There may be some token filters that are emitting a different number of
terms. There are so many changes between 3.5 and 4.4, that it simply isn't
worth the trouble to track down all of them. In some cases, there may be
bugs in 3.5 that have gotten fixed in any of the intervening releases.
Do you have a specific example - the input text and the field and field type
and analyzer where the tf differs? That should suggest where the differences
come from.
Do you have any specific reason to believe that one of the counts is more
right than the other?
-- Jack Krupansky
-----Original Message-----
From: Kuchekar
Sent: Thursday, September 12, 2013 4:50 PM
To: solr-user@lucene.apache.org
Cc: Stefan Matheis
Subject: Re: Different Responses for 4.4 and 3.5 solr index
Hi,
After triaging more for this, we find that the termFrequency (tf) for
the same field in the same doc in solr 3.5 and 4.4 is different.
example :
If word "fruits" appear in some field for 20 times
In 3.5 tf is reported to be 8, where as in 4.4 solr it reports to be 20.

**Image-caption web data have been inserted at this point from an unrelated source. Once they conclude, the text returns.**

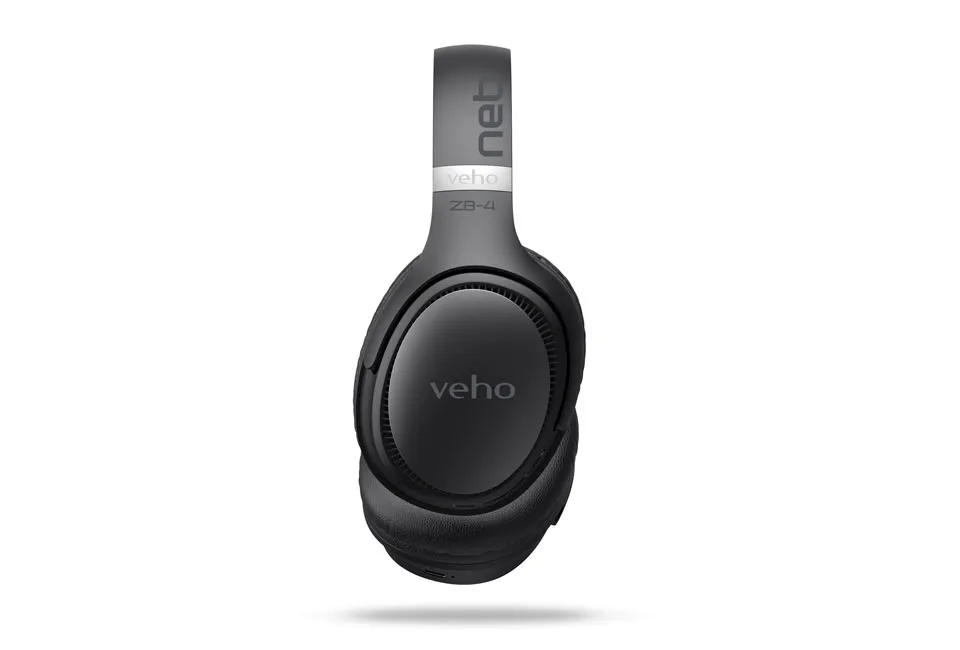 Auriculares inal&aacute;mbricos 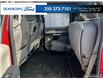 2020 Ford F-150 XLT (Stk: RN515AA) in Kamloops - Image 33 of 34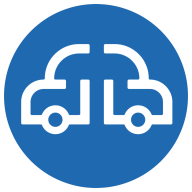 Belady Rent a car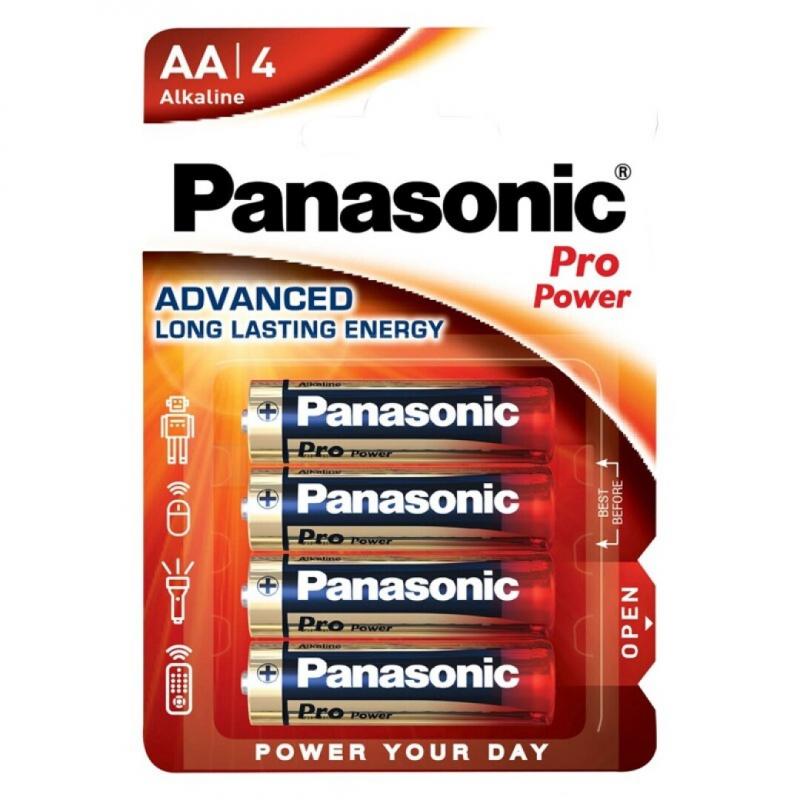panasonic-pro-power-pila-alcalina-aa-lr6-blister4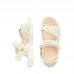 Детски Сандали JOMA S.Wave JR 2625 Beige Детски Сандали JOMA S.Wave JR 2625 Beige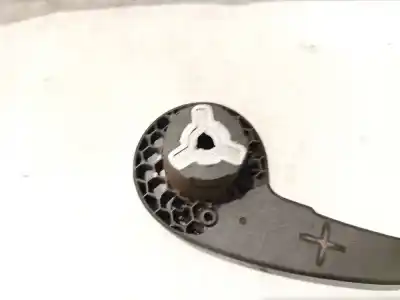 Second-hand car spare part plastics for bmw 3 (e30) m3 2.3 oem iam references   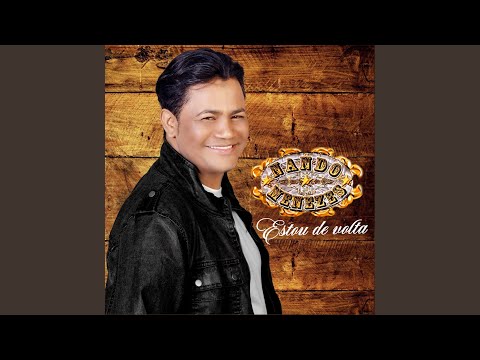 As Portas Vão Se Abrir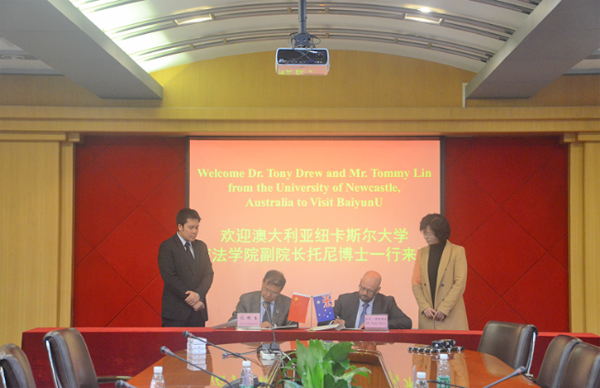 virtual_attach_file.vsb?afc=Gnz9faM4-bMmrVokRGZMzQVoRVRMzvRYozCiL7lPozGZoz-0gihFp2hmCIa0M1yiMSyPokhknlnRUmCZnz9ZL7-boRM7L7L8L7rVLmNZL8MFU87iMm-ZolVFMmM2oRNJv2bjo4OeosXEgDTJQty0Lm7PLSyPMR-PL47Jqd7nx&oid=2103874463&tid=2111&nid=142131&e= Ê×Ò³|Ò¼ºÅÓéÀÖ - ÏàÐÅÆ·ÅƵÄʵÁ¦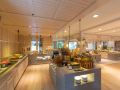 khaolak-merlin-resort-sha-plus-plus-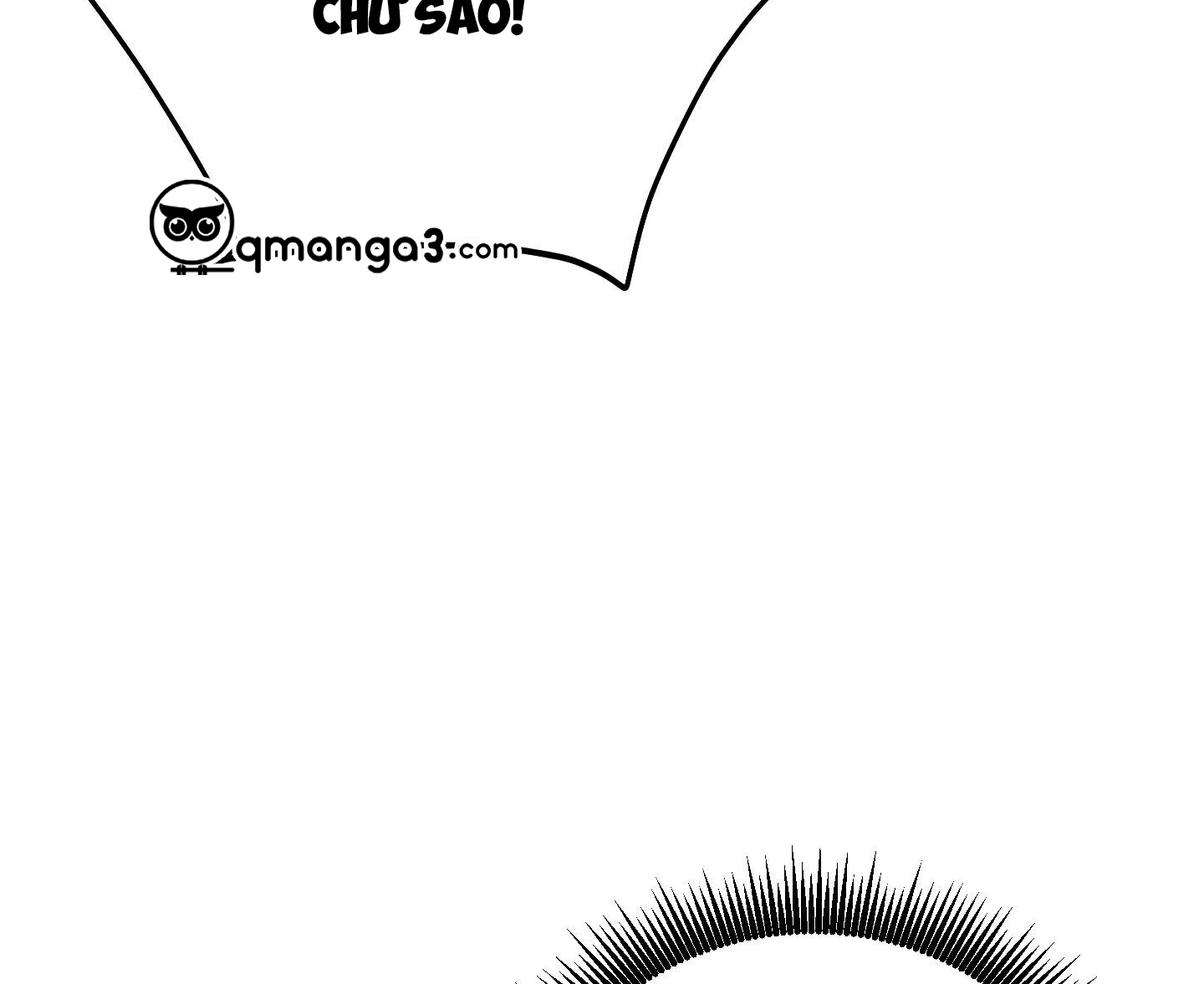 lãng mạn giả dối chapter 14 113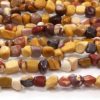 Mookaite Gemstone Pebbles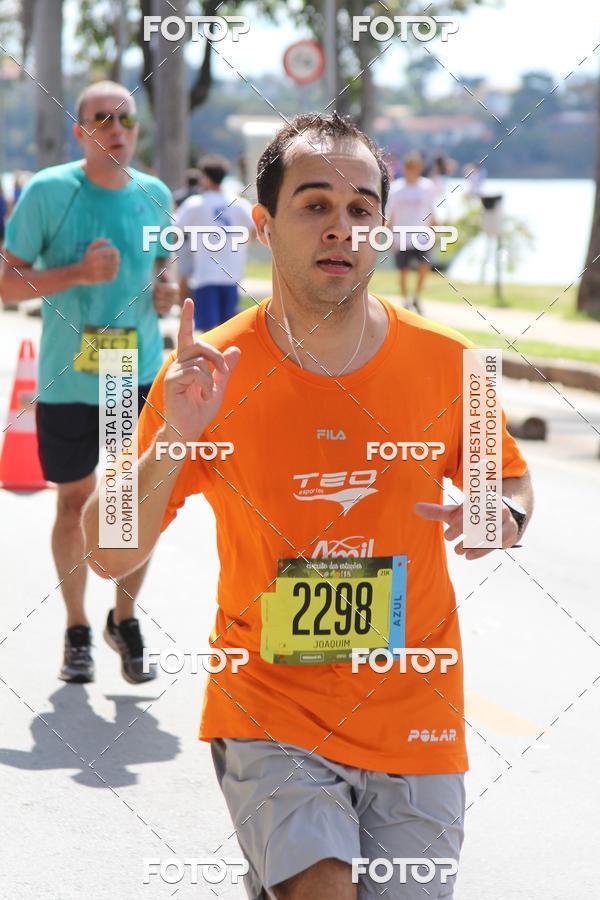 Buy your photos of the eventCircuito das Esta��es Etapa Primavera 2018 Belo Horizonte on Fotop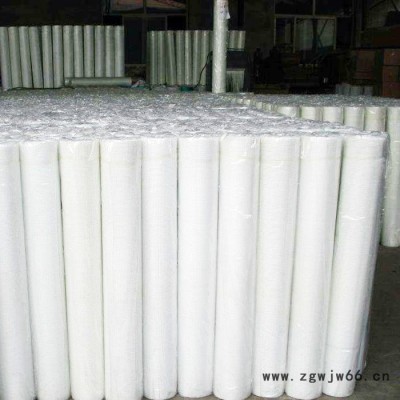 瑞宇鑫  **耐碱网格布 防裂网格布工地外墙保温材料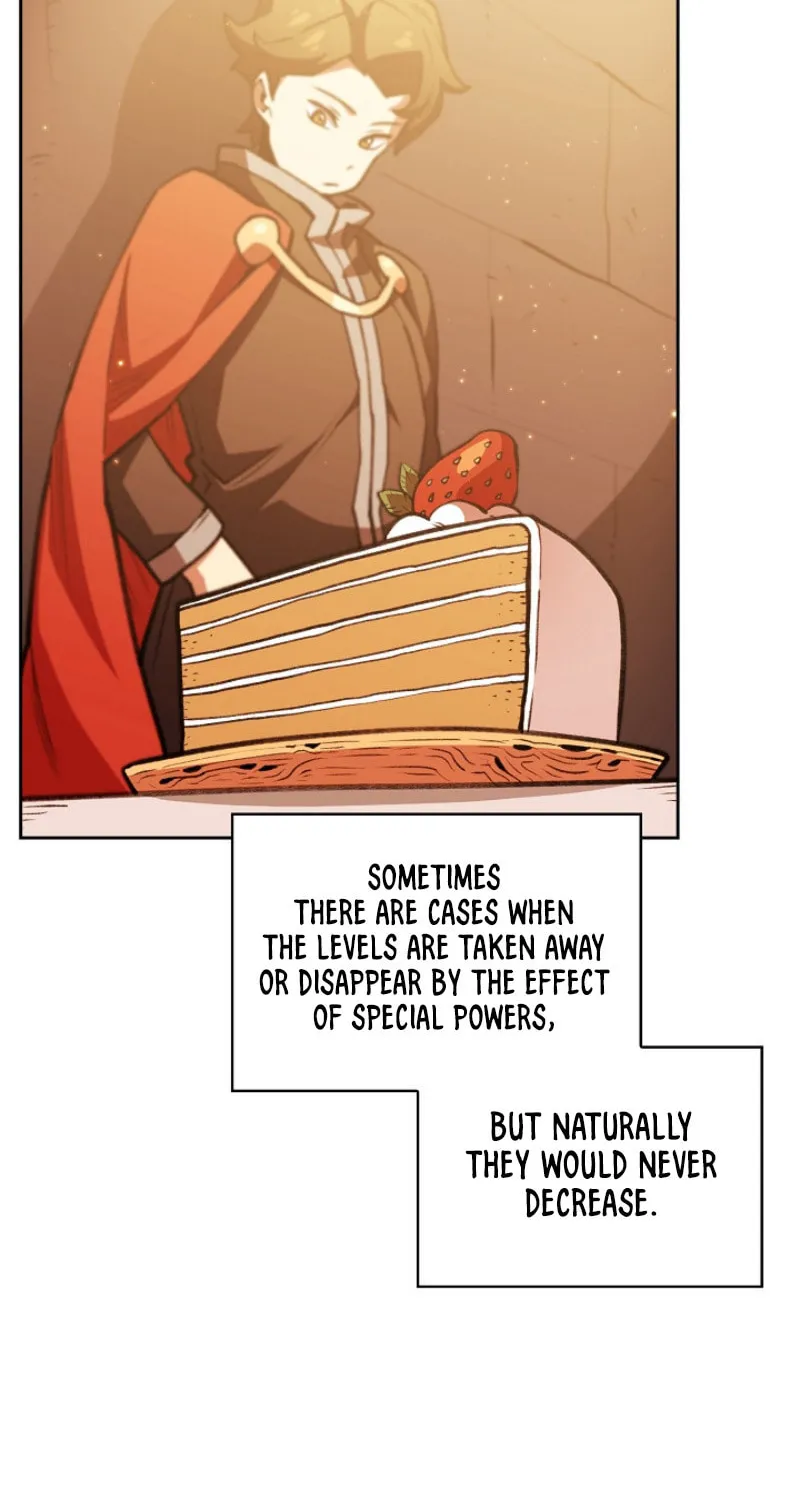 Read FFF-Class Trashero chapter 15 image 22 on Lezhin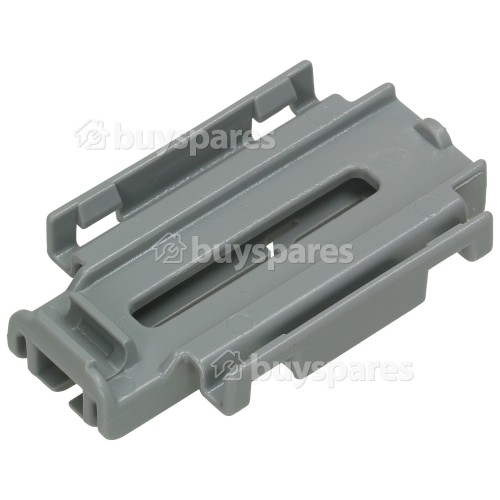 Whirlpool Sliding Rail For Sho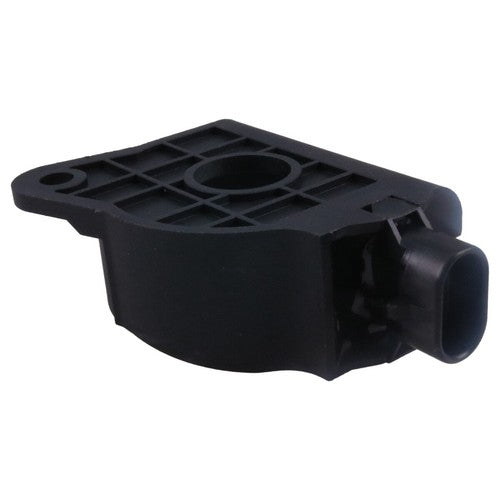 6691714 Seat Bar Sensor Switch 6680429 for Bobcat Skid Steer S150 S130 S100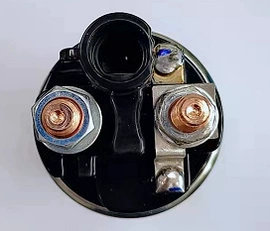 起动机及配件;其他发动系统;发电机及配件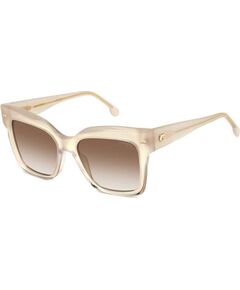SUNGLASSES CARRERA WOMEN CARRERA3037SS (Lens/Bridge/Temple) 54/17/140 mm) Солнцезащитные очки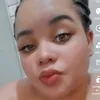 thaisadrieli893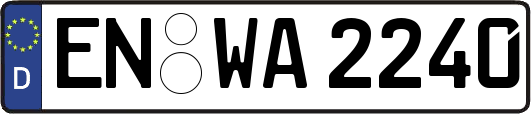 EN-WA2240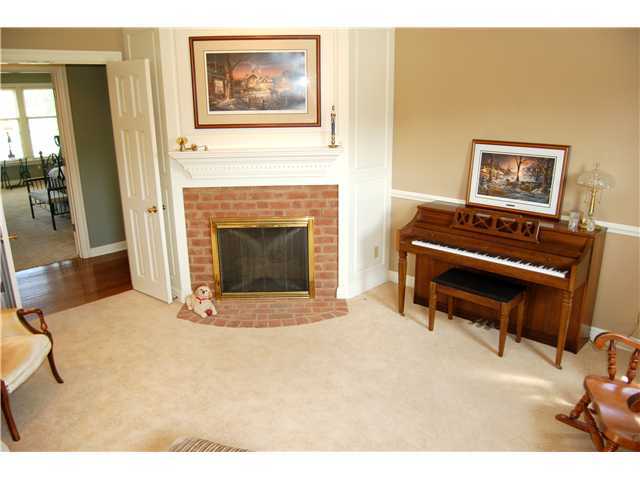 7110 Stemen Road Pickerington, OH 43147 - Photo 12 of 24 Gallery Image 12
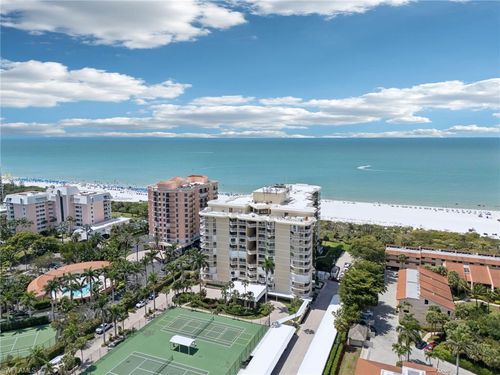 unit-404-520 S Collier Blvd, MARCO ISLAND, FL, 34145-5505 | Card Image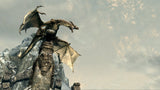 Skyrim - SPANISH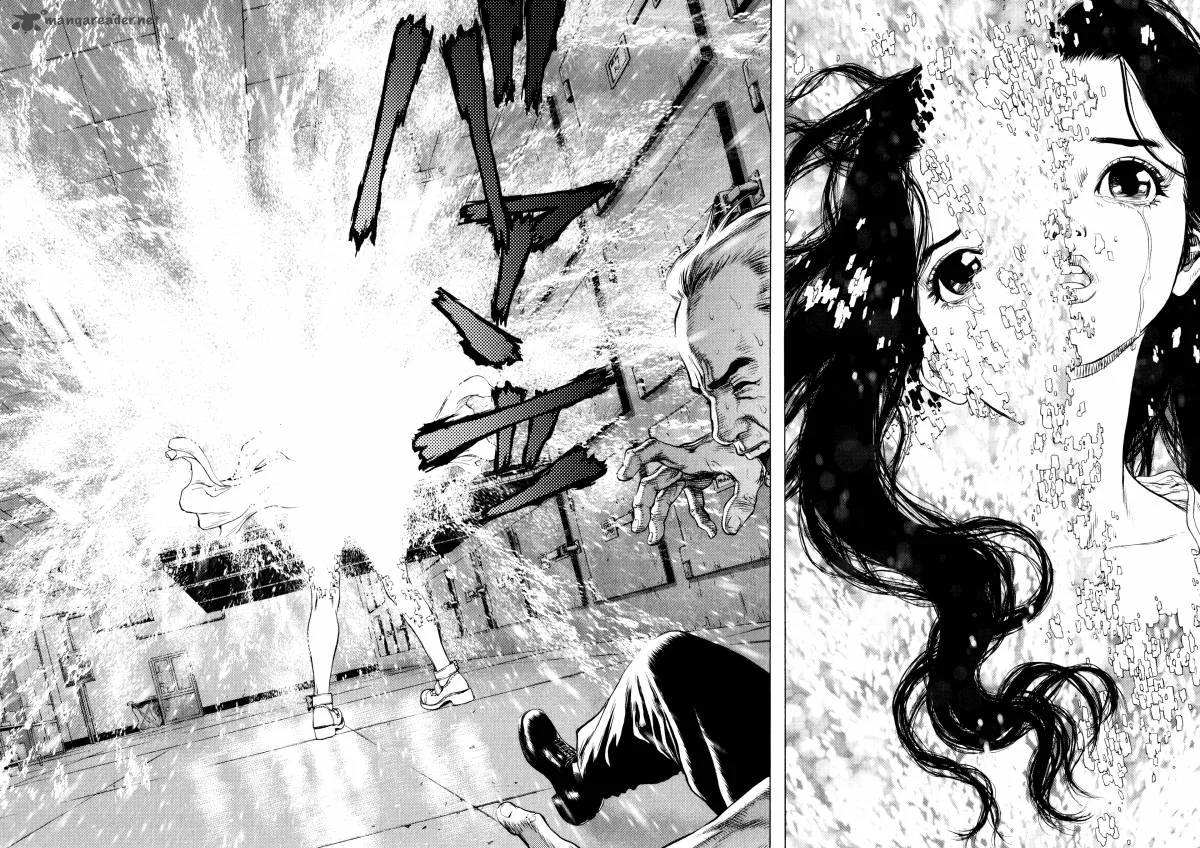Rakia Chapter 2 page 16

that is changing the the score.
Also we see that the function 'idf' which depends upon the max doc is
changed.
Are there any changes in 'termFrequency' and 'idf' function in solr 4.4
compared to solr 3.5.
Looking forward for your reply.
Thanks.
Kuchekar, Nilesh
On Thu, Sep 12, 2013 at 11:30 AM, Kuchekar <kuchekar.nil...@gmail.com>wrote:
Hi,
Any updates on this?. Is ranking computation dependent on the 'maxDoc'
value in the solr? Is this happening due to changing value of 'maxDoc'
value after each optimization. As in, in solr 4.4 every time optimization
is ran, the 'maxDoc' value is reset, where as this is not the case in solr
3.5.
Looking forward for the reply.
Thanks.
Kuchekar, Nilesh
On Wed, Aug 28, 2013 at 3:32 PM, Michael Sokolov <
msoko...@safaribooksonline.com> wrote:
We've been seeing changes in our rankings as well. I don't have a
definite answer yet, since we're waiting on an index rebuild, but our
current working theory is that the change to default omitNorms="true" for
primitive types may have had an effect, possibly due to follow on
confusion: our developers may have omitted norms from some other fields
they shouldn't have?
-Mike
On 08/26/2013 09:46 AM, Stefan Matheis wrote:
Did you check the scoring? (use fl=*,score to retrieve it) ..
additionally debugQuery=true might provide more information about how
the
score was calculated.
- Stefan
On Monday, August 26, 2013 at 12:46 AM, Kuchekar wrote:
Hi,
The response from 4.4 and 3.5 in the current scenario differs in the
sequence in which results are given us back.
For example :
Response from 3.5 solr is : id:A, id:B, id:C, id:D ...
Response from 4.4 solr is : id C, id:A, id:D, id:B...
Looking forward your reply.
Thanks.
Kuchekar, Nilesh
On Sun, Aug 25, 2013 at 11:32 AM, Stefan Matheis
<matheis.ste...@gmail.com
(mailto:matheis.stefan@gmail.**com<matheis.ste...@gmail.com>
)>wrote:
Kuchekar (hope that's your first name?)
you didn't tell us .. how they differ? do you get an actual error? or
does
the result contain documents you didn't expect? or the other way
round,
that some are missing you'd expect to be there?
- Stefan
On Sunday, August 25, 2013 at 4:43 PM, Kuchekar wrote:
Hi,
We get different response when we query 4.4 and 3.5 solr using same
query params.
My query param are as following :
facet=true
&facet.mincount=1
&facet.limit=25
&qf=content^0.0+p_last_name^**500.0+p_first_name^50.0+**
strong_topic^0.0+first_author_**topic^0.0+last_author_topic^0.**
0+title_topic^0.0
&wt=javabin
&version=2
&rows=10
&f.affiliation_org.facet.**limit=150
&fl=p_id,p_first_name,p_last_**name
&start=0
&q=Apple
&facet.field=affiliation_org
&fq=table:profile
&fq=num_content:[*+TO+1500]
&fq=name:"Apple"
The content in both (solr 4.4 and solr 3.5) are same.
The solrconfig.xml from 3.5 an 4.4 are similarly constructed.
Is there something I am missing that might have been changed in 4.4,
which
might be causing this issue. ?. The "qf" params looks same.
Looking forward for your reply.
Thanks.
Kuchekar, Nilesh